* _EXERCISE DETAILS_
Excluding images, repeat the data exactly as given.

[Data records]
——————————

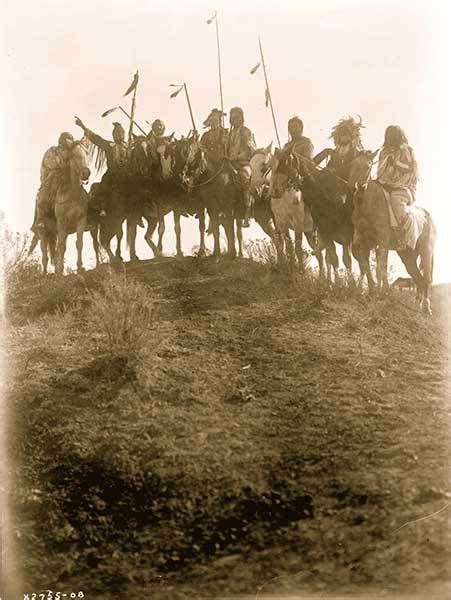 Native Americans On A Hilltop1908 Eight Crow Indians In Montana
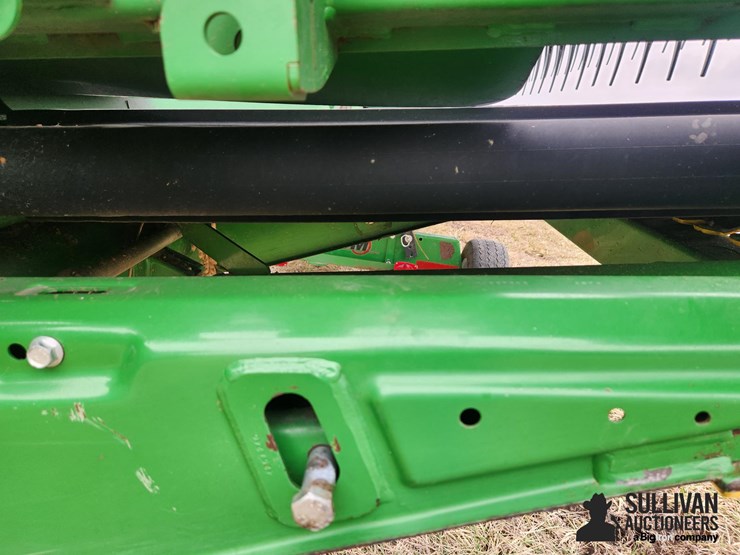 2018-john-deere-630fd-image-18
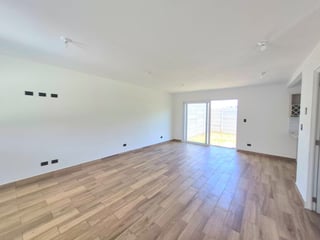 RENTA Casa NUEVA Condominio Santa Elena Km 25.7 Santa Elena Barillas - 5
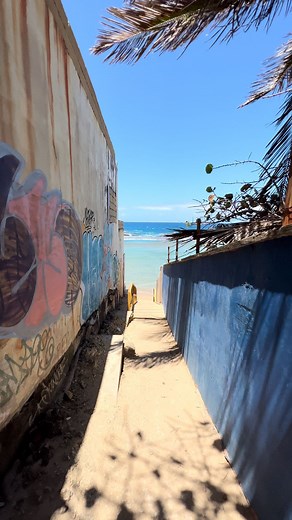 Mitad de semana y ya quiero PLAYA 🇵🇷 Isabela, Puerto Rico #PuertoRico #PR #Isabela #Beach #Clearwater | Sousa_PR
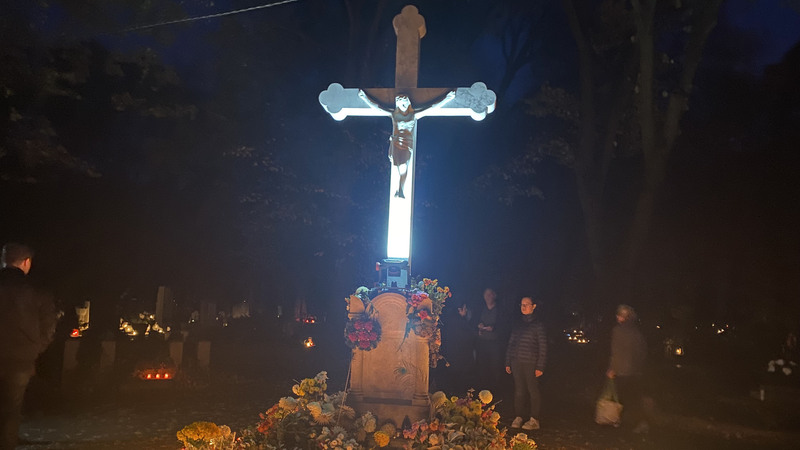 Fellobbantak a mécsesek és gyertyák lángjai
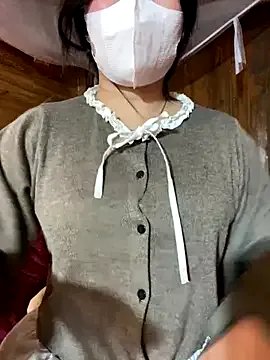 violet-00 on StripChat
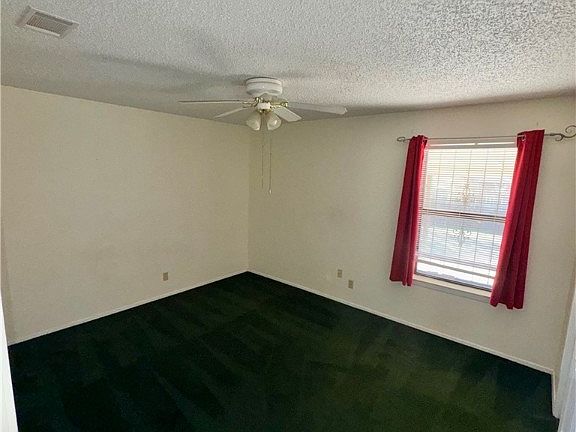 5th image of 2117 Hidden Hill Dr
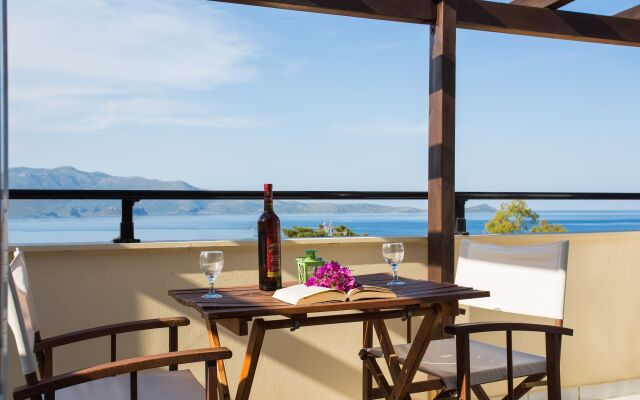 Malvasia Corner Studios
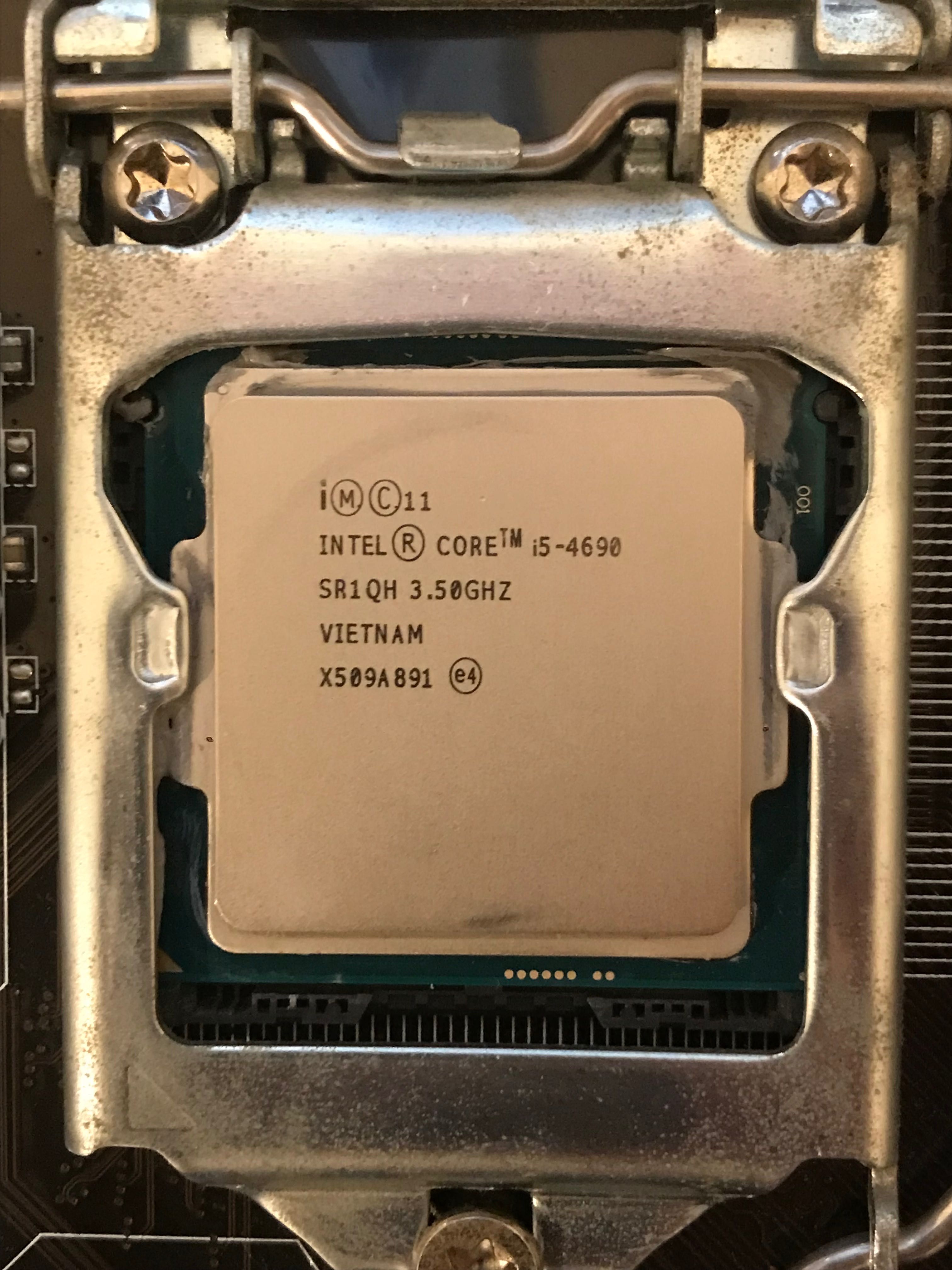 Intel Core i5-4690 LGA 1150 socket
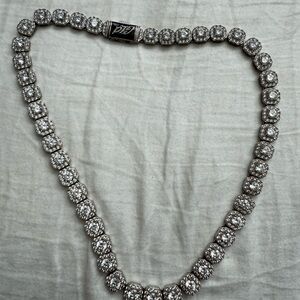Dazzling Silver Necklace with Crystal Accents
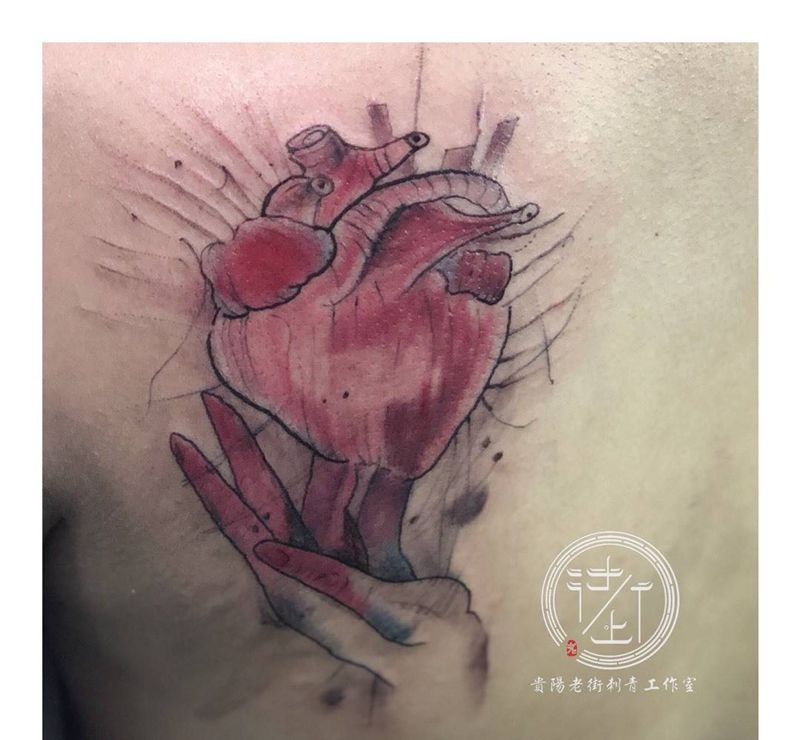 心于手纹身图片_背部水彩点刺纹身图案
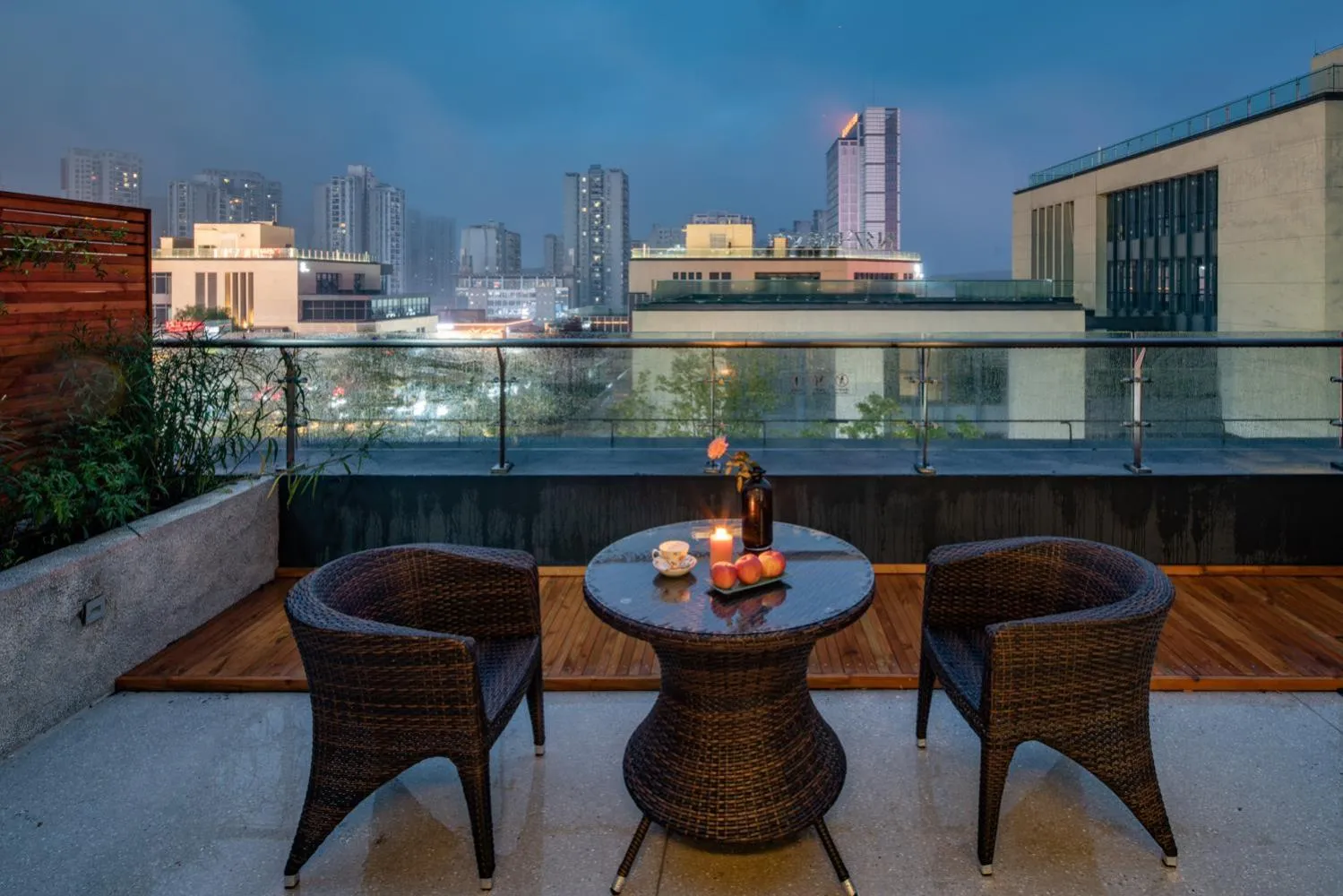 Night in Wuyu Hotel - Chongqing Jiangbei Airport & Light Rail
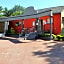 Lapologa Bed And Breakfast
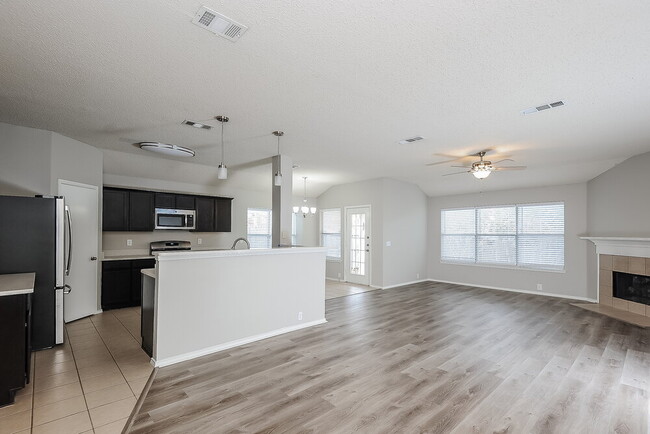 Building Photo - 833 Lariat Dr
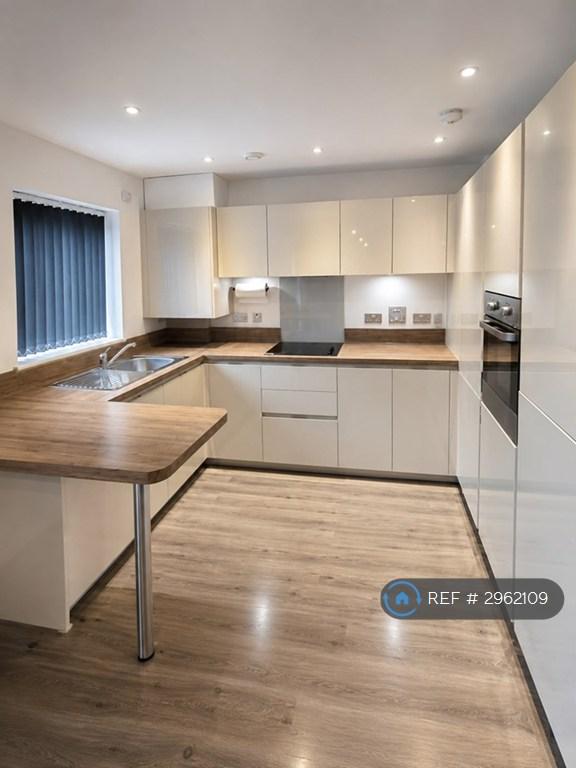 2 bedroom flat in West Thurrock, Lakeside Shopping Centre, RM20 (2 bed) (#2962109)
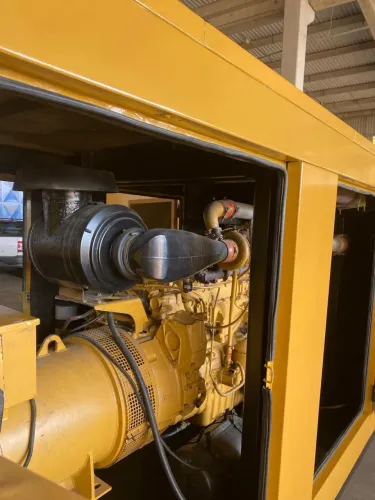 Gerador 275 kVA Caterpillar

——————————

* _SOLUTION BELOW_
 Native Americans On A Hilltop1908 Eight Crow Indians In Montana
 2018-john-deere-630fd-image-18
 RENTA Casa NUEVA Condominio Santa Elena Km 25.7 Santa Elena Barillas - 5
 Mitad de semana y ya quiero PLAYA 🇵🇷 Isabela, Puerto Rico #PuertoRico #PR #Isabela #Beach #Clearwater | Sousa_PR
 Fellobbantak a mécsesek és gyertyák lángjai
 violet-00 on StripChat
 5th image of 2117 Hidden Hill Dr
 Malvasia Corner Studios
 Intel Core i5-4690 LGA 1150 socket
Dazzling Silver Necklace with Crystal Accents
 心于手纹身图片_背部水彩点刺纹身图案
 Night in Wuyu Hotel - Chongqing Jiangbei Airport & Light Rail
 Lapologa Bed And Breakfast
 Building Photo - 833 Lariat Dr
 2 bedroom flat in West Thurrock, Lakeside Shopping Centre, RM20 (2 bed) (#2962109)
 Gerador 275 kVA Caterpillar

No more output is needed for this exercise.